- Country: United States
- Language: English
- Genre: Science fiction

Publication
- Published in: Infinity Science Fiction
- Publisher: Royal Publications
- Media type: Magazine
- Publication date: December 1956

Chronology
- Series: Multivac
| The Last Question | All the Troubles of the World |

= Jokester =

"Jokester" is a science fiction short story by American writer Isaac Asimov. It first appeared in the December 1956 issue of Infinity Science Fiction. It involves a common theme in a number of Asimov's stories about a powerful fictional computer called Multivac: only a specialist knows which questions to ask Multivac in order to receive meaningful answers.

==Plot summary==
Noel Meyerhof is a "Grand Master", one of a small cadre of Earth's recognised geniuses, who has the intuition to know what questions are important enough to ask Multivac. The senior computer analyst notices that Meyerhof tells jokes to Multivac and becomes worried about the mental state of Meyerhof. Eventually Meyerhof discloses that he wants to ask Multivac two questions he feels to be important. The first one is, what is the source of the jokes. He explains that whoever tells a joke, they either heard it from someone else or read in a book and nobody claims to be an author of the joke. The only kind of humor that can be non-borrowed are puns. But puns are supposed to be unfunny and the proper response to a pun is to groan rather than laugh.

Multivac eventually tells them that humour is actually a tool for the psychological study of the human race by extraterrestrials, similarly to how humans study mice. They needed to isolate the responses to their jokes from original ones, so they "programmed" us to react differently to puns.

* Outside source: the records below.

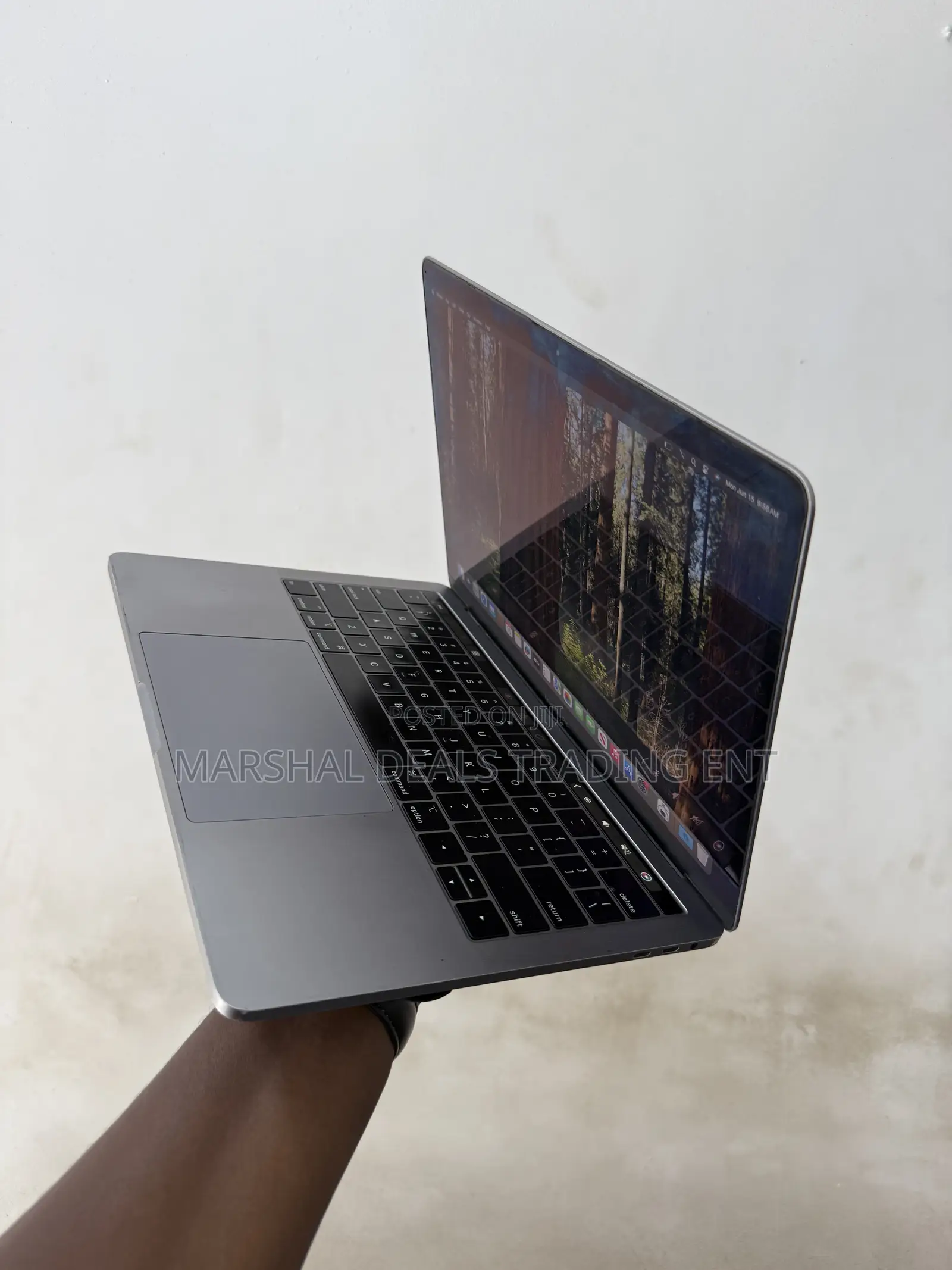 Laptop Apple MacBook Pro 2019 16GB Intel Core i5 SSD 512GB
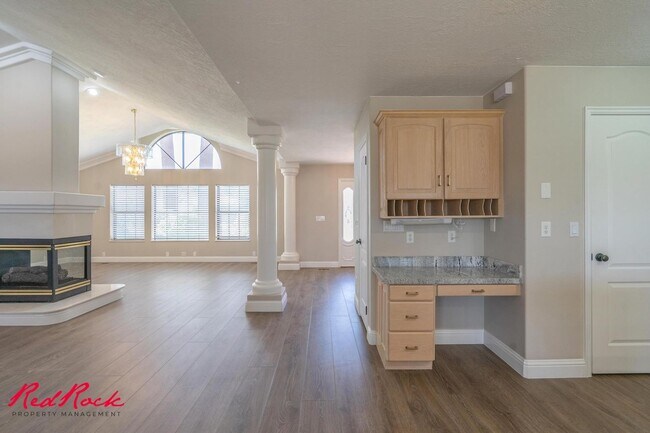 Building Photo - Spacious 6 Bedroom Home with a Balcony!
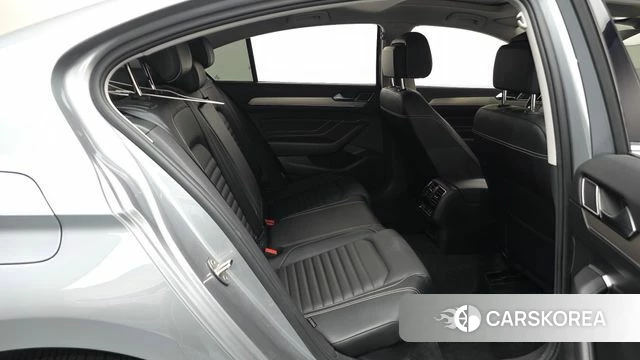 Volkswagen Passat GT (B8) 2021 Серебристо-серый из Кореи, фото 2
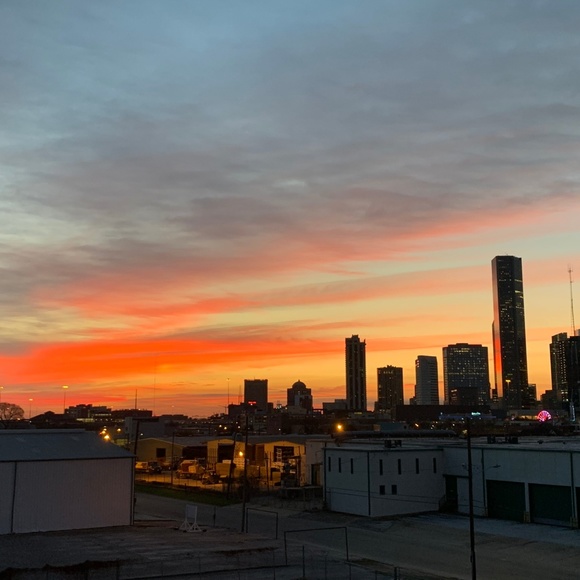 Hi! I'm Lisa! - Picture 2 of 2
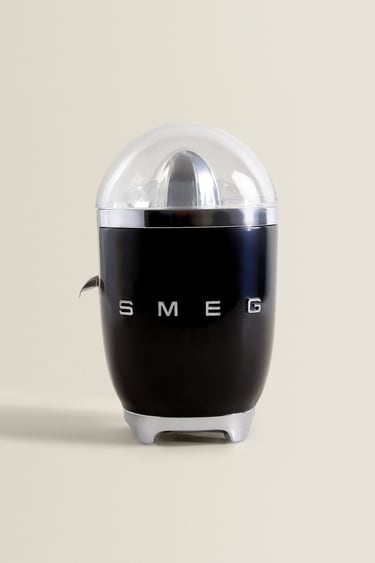 Image 0 of SMEG JUICER from Zara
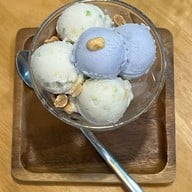 Raya Experimental craft icecream and cafe วัดมังกรเยาวราช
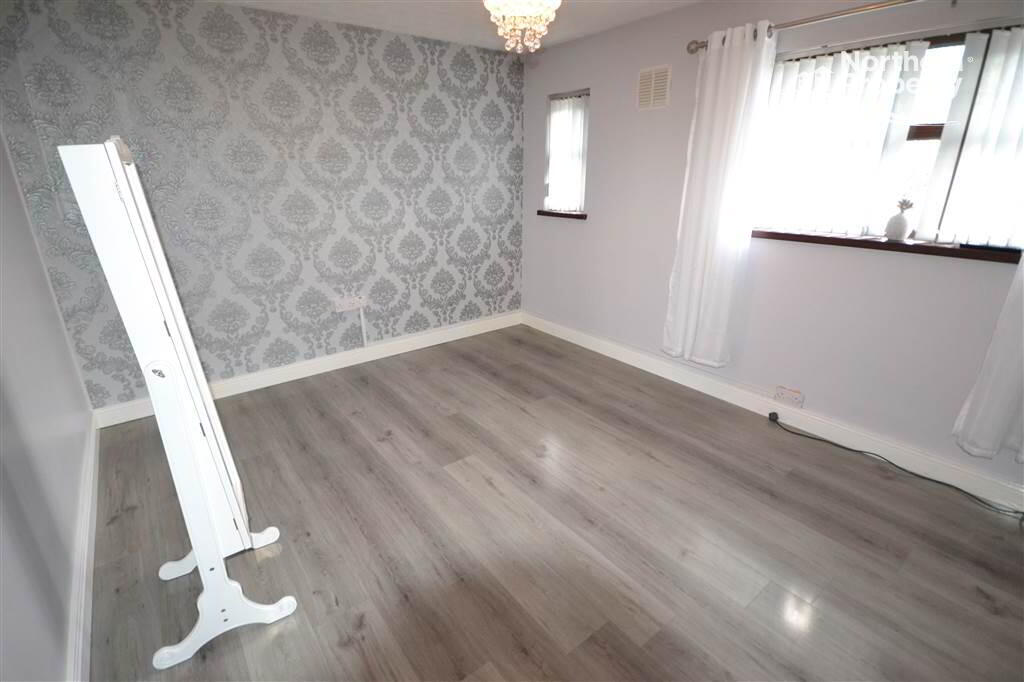 Photo 10 of 9 Whitecliff Drive, Belfast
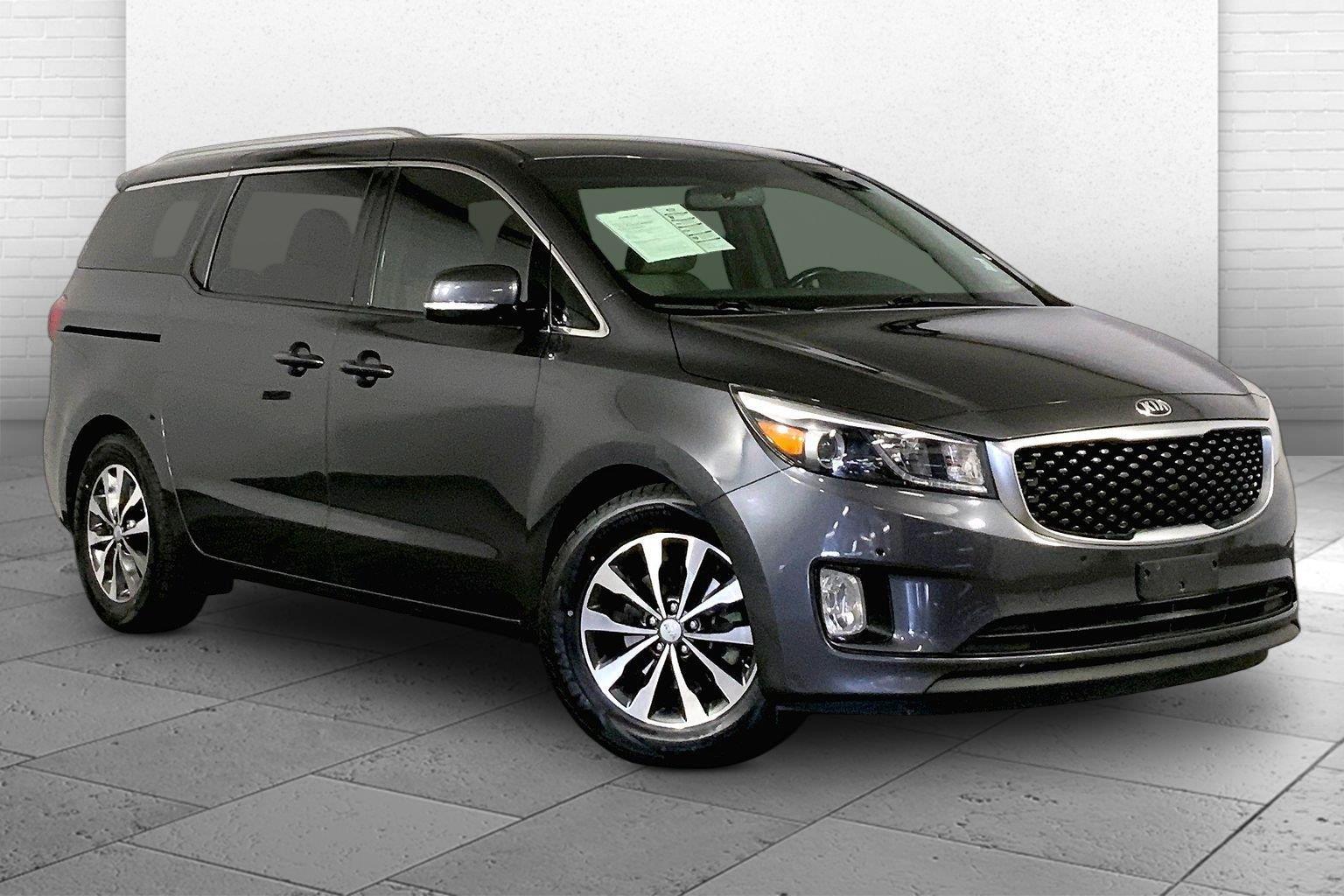 2018 Kia Sedona Gris (Platinum Graphite) Minivan Tracción delantera 6 velocidades Automática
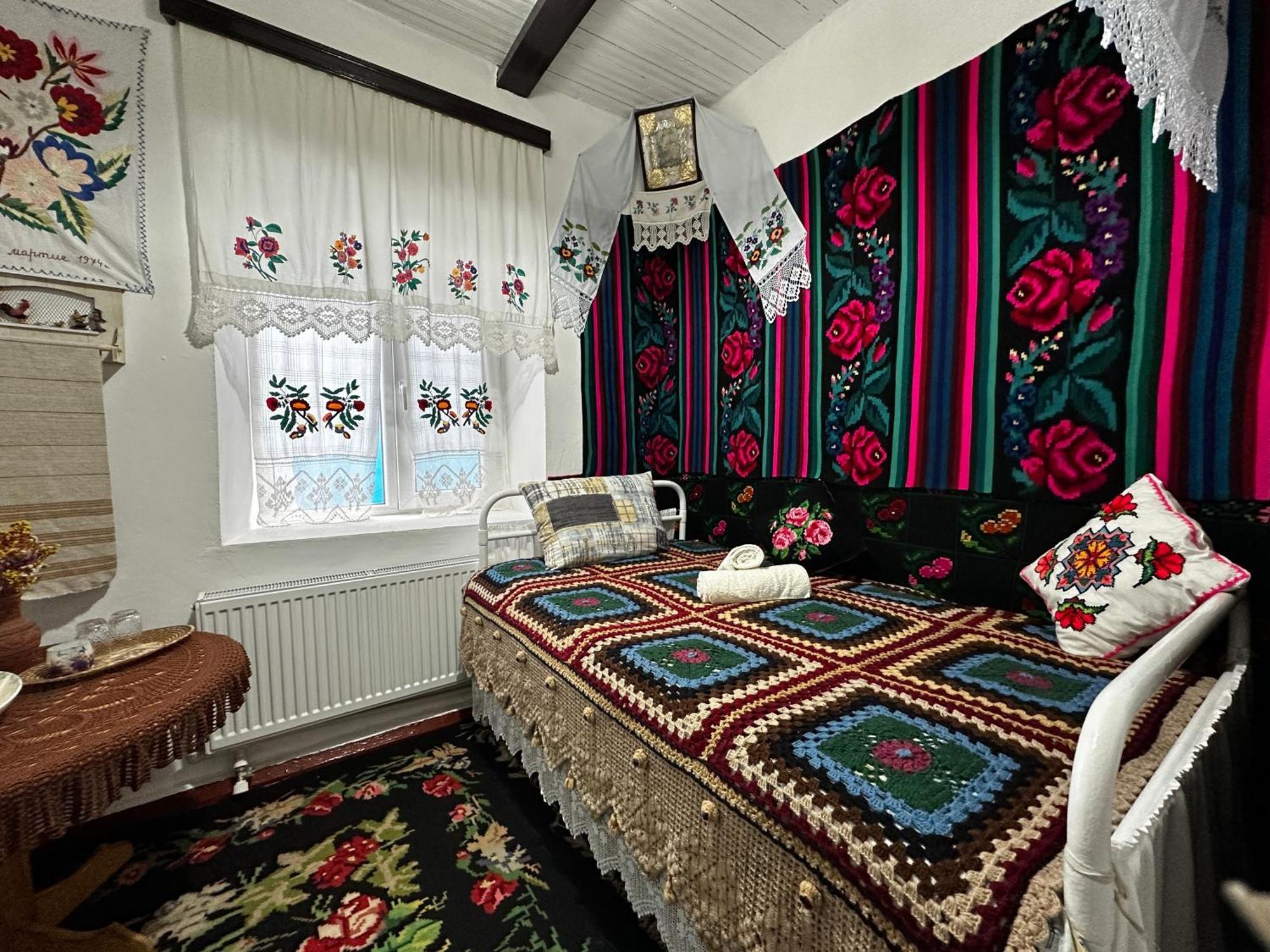 Bed and Breakfast La Madalina Selemet Экстерьер фото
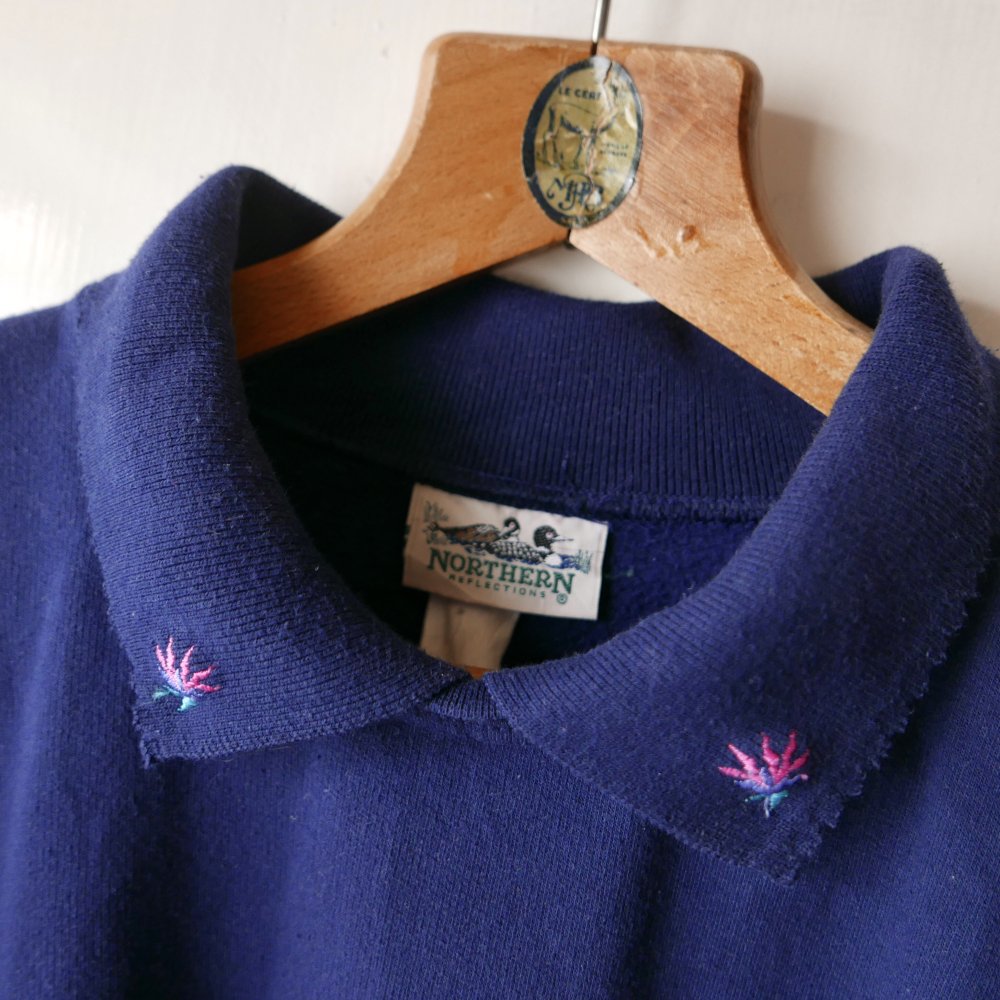 NORTHERN 花とハチドリの刺繍の襟付きスウェット-古着屋マッシュ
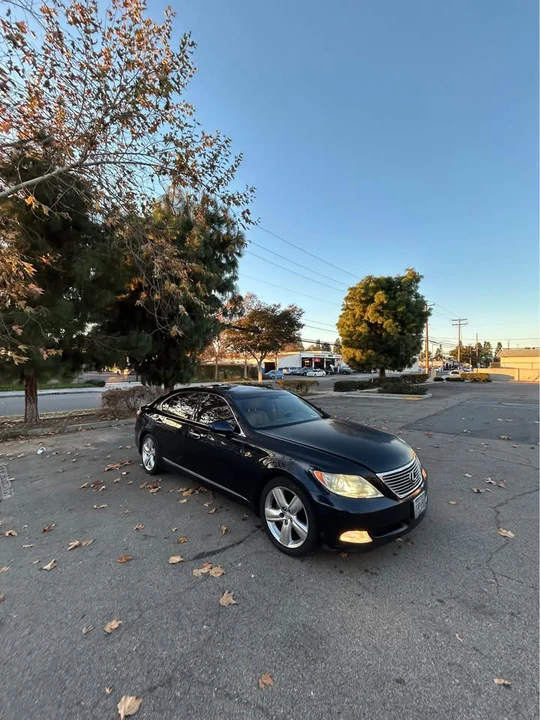 2008 Lexus LS 4th Gen - Image 2 of 9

The second Meyerhof's question was, what will happen when the humankind learn the answer to the first question.
Multivac says this will make humour useless as a tool, so the aliens will cease using it... And suddenly the characters of the story feel that they cannot recall any joke.

==Prints==
It first appeared in the December 1956 issue of Infinity Science Fiction and was reprinted in the collections Earth Is Room Enough (1957), The Far Ends of Time and Earth (1979), The Best Science Fiction of Isaac Asimov (1986), Robot Dreams (1986), and The Complete Stories, Volume 1 (1990).
==Adaptations==

The story was adapted as a 30 minute broadcast, read by Henry Goodman, in 2006 by BBC 7 (now BBC Radio 4 Extra).